TASK DESCRIPTION. Whatever lies between the line with "Feminism: A Fight For Freedom T-Shirt" and the end of the data, both included, must be copied exactly and without pictures.

SOURCE DATA.
::::::::::

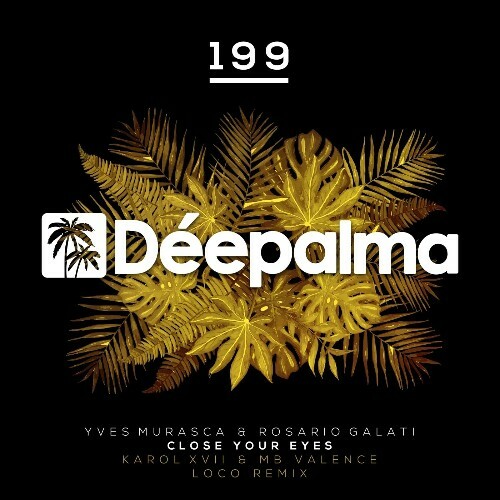  Yves Murasca - Close Your Eyes (Karol XVII & MB Valence Loco Remix) (2025) 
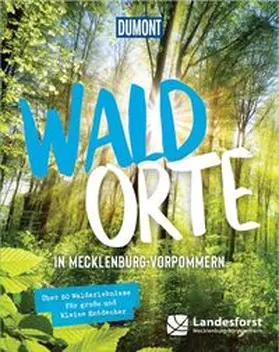 DUMONT Reise / Gläser / Straub |  DuMont Bildband Waldorte in Mecklenburg Vorpommern | Buch |  Sack Fachmedien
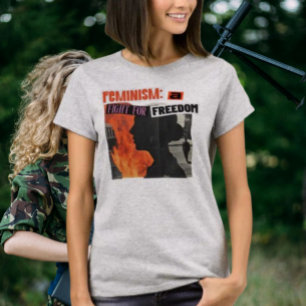 Feminism: A Fight For Freedom T-Shirt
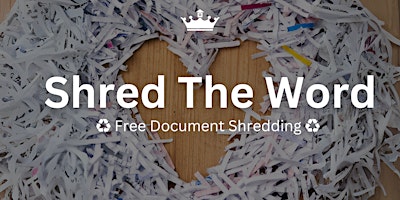 Hauptbild für Shred the Word: Free Document Shredding ♻️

::::::::::

SOLUTION TO THE EXERCISE.
 Feminism: A Fight For Freedom T-Shirt
 Hauptbild für Shred the Word: Free Document Shredding ♻️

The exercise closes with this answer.